Apple noticed a difference in the way opposing teams approached him from his freshman to sophomore seasons.

"It was weird this past season not getting that many targets because when you play as a freshman, you get all of the targets," Apple said. "But I still feel like I did my job out there on the field just taking the number one receiver away and doing my job playing man. I don’t think it was a bad thing."

2016 Season Outlook

Let's not get hung up on whether or not Apple is going to start. If Dominique Rodgers-Cromartie and Janoris Jenkins are both healthy Apple probably won't, technically, be a starter. Let's not get hung up on whether he will play in the slot or outside. It's the middle of May and we don't know. Spagnuolo and cornerbacks coach Tim Walton will figure that out.

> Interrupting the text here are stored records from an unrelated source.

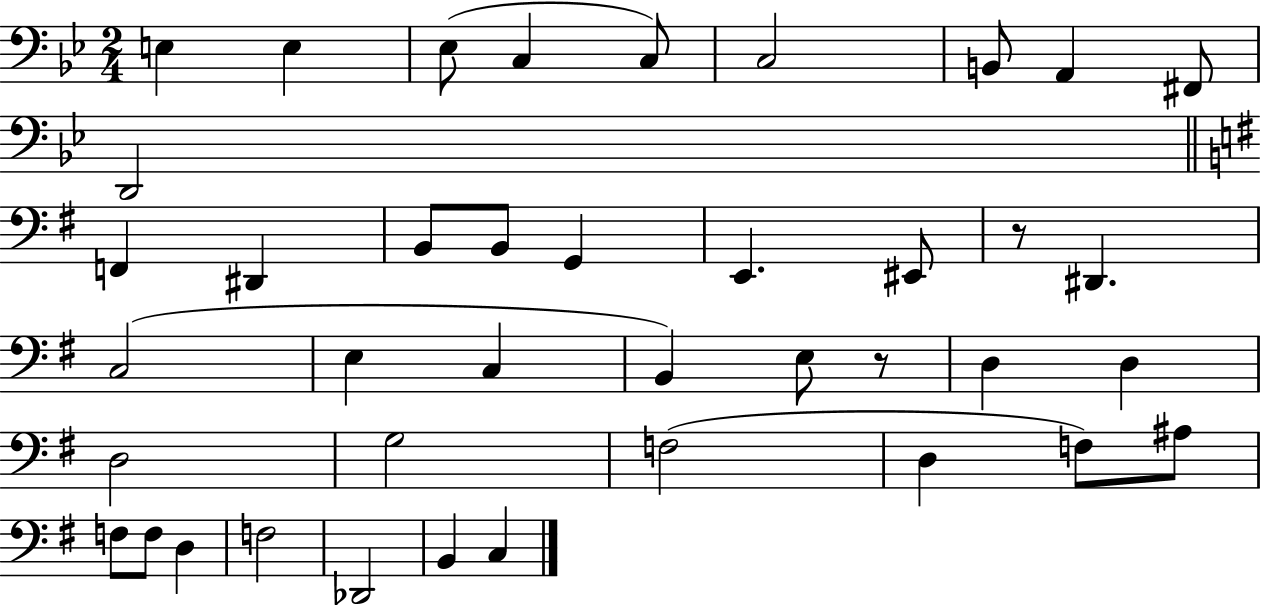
X:1
T:Untitled
M:2/4
L:1/4
K:Bb
E, E, _E,/2 C, C,/2 C,2 B,,/2 A,, ^F,,/2 D,,2 F,, ^D,, B,,/2 B,,/2 G,, E,, ^E,,/2 z/2 ^D,, C,2 E, C, B,, E,/2 z/2 D, D, D,2 G,2 F,2 D, F,/2 ^A,/2 F,/2 F,/2 D, F,2 _D,,2 B,, C,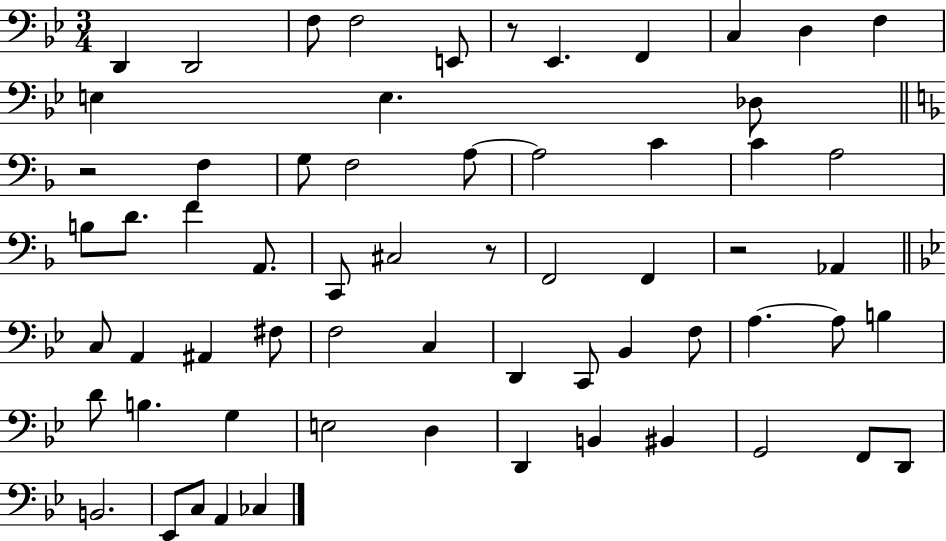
D2/q D2/h F3/e F3/h E2/e R/e Eb2/q. F2/q C3/q D3/q F3/q E3/q E3/q. Db3/e R/h F3/q G3/e F3/h A3/e A3/h C4/q C4/q A3/h B3/e D4/e. F4/q A2/e. C2/e C#3/h R/e F2/h F2/q R/h Ab2/q C3/e A2/q A#2/q F#3/e F3/h C3/q D2/q C2/e Bb2/q F3/e A3/q. A3/e B3/q D4/e B3/q. G3/q E3/h D3/q D2/q B2/q BIS2/q G2/h F2/e D2/e B2/h. Eb2/e C3/e A2/q CES3/q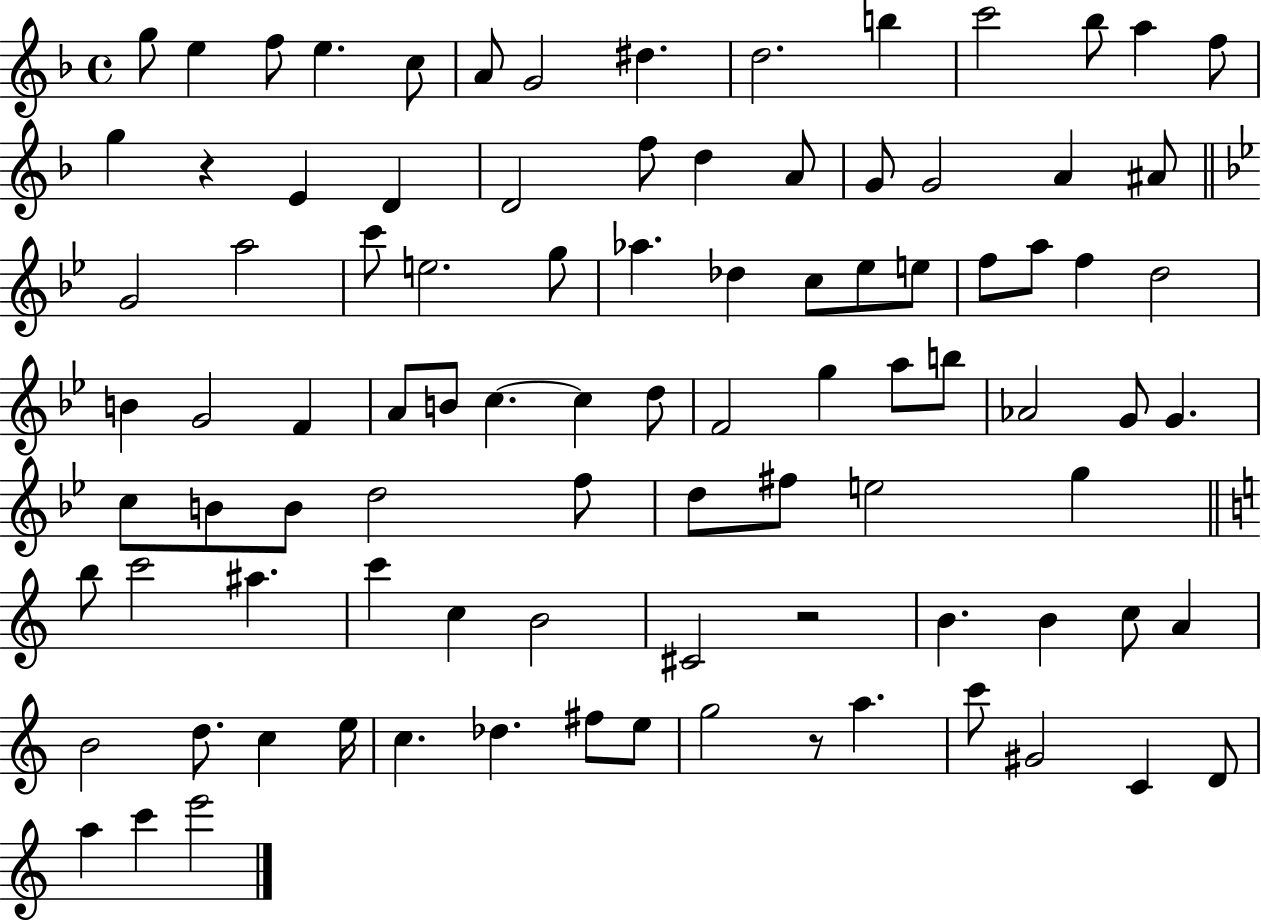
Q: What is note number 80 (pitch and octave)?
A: Db5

The fact is that Apple is almost certainly going to play. A lot. Backup corners Trevin Wade (529) and Jayron Hosley (528) each played more than 500 snaps last season. Trumaine McBride played 339. So, Apple can be expected to be on the field a bunch.

"He can play somewhere back there for us," general manager Jerry Reese said after the team selected Apple. "When you have two corners in this league, you’re short one because the offensive teams throw the ball so much and you’ve got to have three quality corners to really get out there and function at a high level, I think. This guy gives us three quality guys that we think we can play with anybody around the league with these three kind of guys."

The 20-year-old knows that his initiation into the NFL is going to come in the form of quarterbacks testing him, not staying away from from him.

"I expect that, just to see how I’m going to react to things and see if I’m actually the real deal," Apple said. "I expect that and I’m looking forward to it."

Apple's tendency to grab receivers instead of just shadowing them has been discussed at length. It showed up last Friday at minicamp when his reaction to biting on a move from second-round pick Sterling Shepard was to try and grab the wide receiver as he zoomed by. Let's not obsess and think it's a fatal flaw that dooms him to become the Giants' version of Brandon Browner, a guy who is pretty much a walking penalty flag. All young players have things upon which they need to improve. Let's just see if, long-term, this is a habit Apple can break.

There will likely be growing pains. Ereck Flowers and Landon Collins went through them last year. Weston Richburg and Justin Pugh had ups and downs as rookies and have developed into quality players.

"They all have to adjust," Spagnuolo said. "Every DB has to adjust from college to the NFL. It will be a learning process and a growth process, but we’re confident."